Design and construction
- Architect: Alden B. Dow

= Douglas M. and Grace Knight House =

Former residence of Duke University presidents

The Douglas M. and Grace Knight House, also known as Knight House, is a Modernist-style mansion in Durham, North Carolina. The house, designed by Alden B. Dow, previously served as the official residence for presidents of Duke University and is now used by the university as an event space, conference facility, and guest house. On April 6, 1968, following the assassination of Martin Luther King Jr., four-hundred and fifty university students marched to the house during the Silent Vigil at Duke University to deliver a list of demands to Duke president Douglas M. Knight. The house, previously called University House, was officially named after Knight and his wife, Grace Nicholas Knight, in 2003.

== History ==
In 1963, University President Douglas Knight commissioned Alden B. Dow to design an official residence. Built in the Modernist style, the home was completed in 1966. The landscaping was designed by Dick Bell, who also designed Pullen Park in Raleigh, North Carolina. The house takes its name from Douglas Knight, who served as president during the construction of the home, and was the first university president to live there. University presidents Terry Sanford and Nannerl O. Keohane also lived at Knight House. Knight House is 10,655 square feet, and cost $379,971 to build. The house is a low-slung home with ribbed copper roof caps. The interior panelling in the house is made from bald cypress.

Located along Academy Road and Pinecrest Road, near the Duke golf course, the house sits on 436 acres in the Duke Forest, near Duke University West Campus. It served as an official residence for university presidents from 1966 until 2004, when the original official residence, the J. Deryl Hart House, was renovated for Richard H. Brodhead. The house is now used as a guest house, conference facility, and event space by the university.

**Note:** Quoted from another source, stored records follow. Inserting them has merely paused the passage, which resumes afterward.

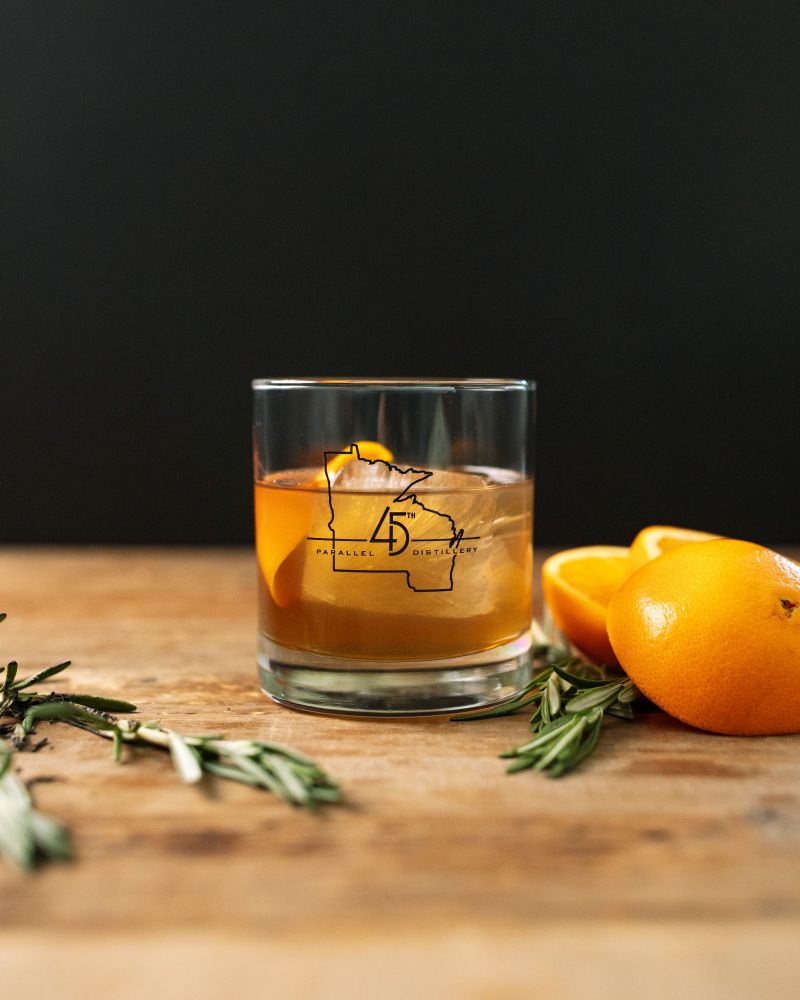 Ingredients:
- 2 oz. 45th Parallel R100 Rye Whiskey
- Barspoon of Demerara
- Barspoon of Honey Syrup
- 5 Dashes of Angostura Bitters
- 1 Sprig of Fresh Rosemary
- 1 Orange Twist for Garnish

Directions:

1. Gather a kitchen torch or lighter, a lowball glass, and a ceramic plate. Lay the rosemary sprig on the plate, lightly burn the rosemary, and set the lowball glass over it (upside down) to let smoke gather for at least ten seconds (leave longer for a more smokey effect). 

2. Once the glass is smoked to preference, remove from the rosemary. Place one large ice cube in the lowball, followed by all liquid ingredients, and stir gently until combined.

3. Express the orange zest over the glass as you create the twist, garnish the cocktail, and enjoy!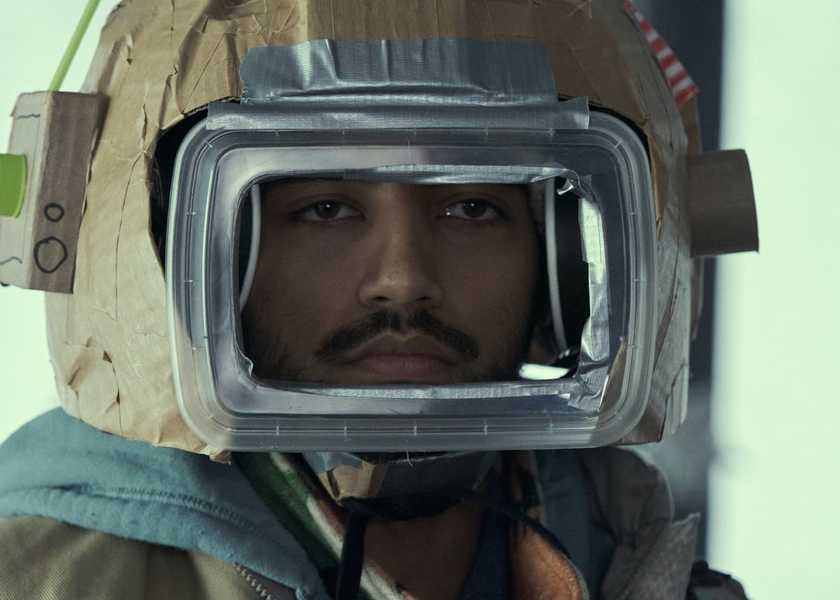 Frank (Nabhaan Rizwan) staring through an isolation suit in STATION ELEVEN âGoodbye My Damaged Home', (Season 1, ep. 107, aired Dec. 30, 2021) (1)
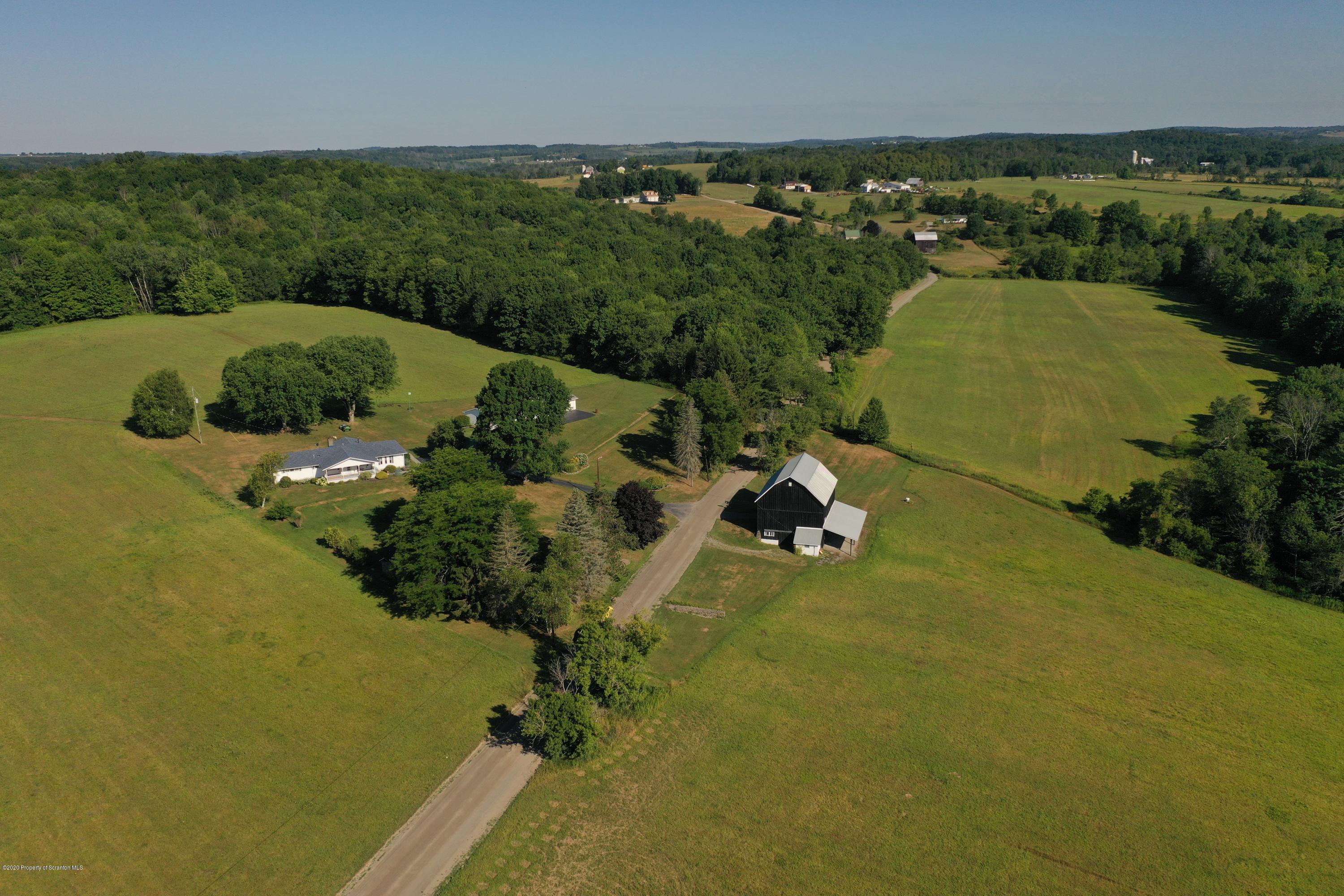 888 Squier Hill Road Nicholson, PA 18446 - Photo 54 of 96 an aerial view of a residential houses with outdoor space and street view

On April 6, 1968 the Silent Vigil at Duke University, a week-long silent demonstration following the Assassination of Martin Luther King Jr., kicked-off with 450 students marching two miles from campus to Knight House to deliver a list of demands to Douglas Knight for a restructuring of Duke University, so that the institution would be less threatening to African-American students and employees. The demands included that Knight publish an advertisement in the Durham Morning Herald calling for a day of mourning for Rev. Dr. Martin Luther King Jr., that he raise the minimum wage to $1.60 for university employees, and that he resign from the then-segregated Hope Valley Country Club. The students also demanded that Knight appoint a committee of students, faculty, and workers to make recommendations concerning collective bargaining and union recognition at Duke. Knight received the students during the protest, and invited them into the house, spending the entire night negotiating the terms of their demands.

On September 15, 2012, the house was featured in Modernism in Duke Forest, a tour of six modernist houses in the Duke Forest neighborhood hosted by Triangle Modernist Houses and the Durham Preservation Society.